▶ _Activity_
Copy the data exactly; pictures stay out of the copy.

▶ _Dataset content_
######

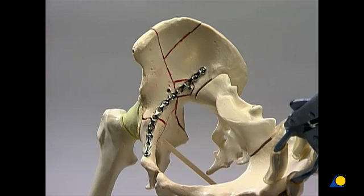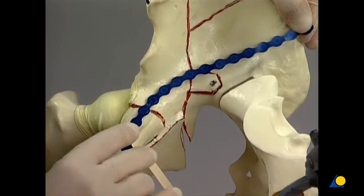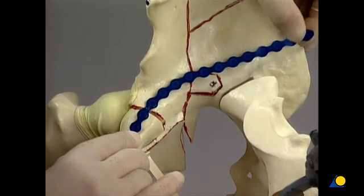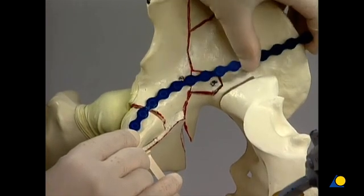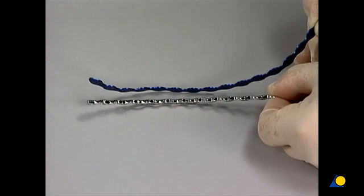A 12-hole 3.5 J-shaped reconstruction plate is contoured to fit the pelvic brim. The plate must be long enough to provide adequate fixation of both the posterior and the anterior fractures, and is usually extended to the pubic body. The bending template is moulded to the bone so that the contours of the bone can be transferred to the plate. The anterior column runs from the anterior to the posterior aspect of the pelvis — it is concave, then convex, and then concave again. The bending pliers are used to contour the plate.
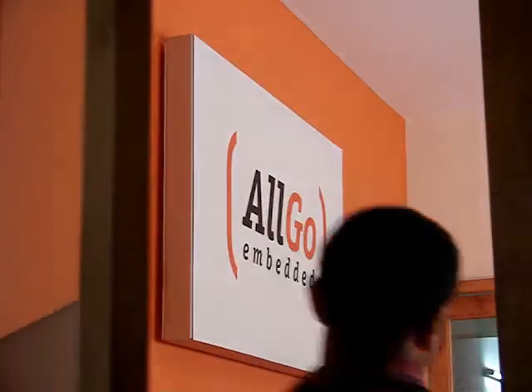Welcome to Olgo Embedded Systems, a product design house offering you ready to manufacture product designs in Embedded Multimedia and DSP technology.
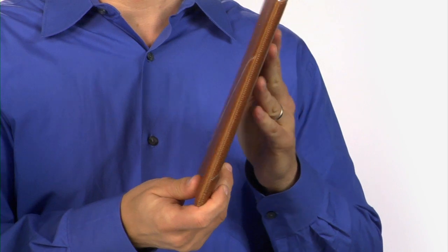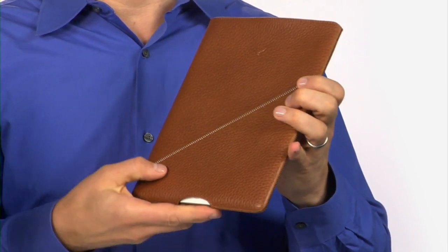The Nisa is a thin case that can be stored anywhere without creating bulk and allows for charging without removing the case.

######

▶ _Exercise answer_
A 12-hole 3.5 J-shaped reconstruction plate is contoured to fit the pelvic brim. The plate must be long enough to provide adequate fixation of both the posterior and the anterior fractures, and is usually extended to the pubic body. The bending template is moulded to the bone so that the contours of the bone can be transferred to the plate. The anterior column runs from the anterior to the posterior aspect of the pelvis — it is concave, then convex, and then concave again. The bending pliers are used to contour the plate.
Welcome to Olgo Embedded Systems, a product design house offering you ready to manufacture product designs in Embedded Multimedia and DSP technology.
The Nisa is a thin case that can be stored anywhere without creating bulk and allows for charging without removing the case.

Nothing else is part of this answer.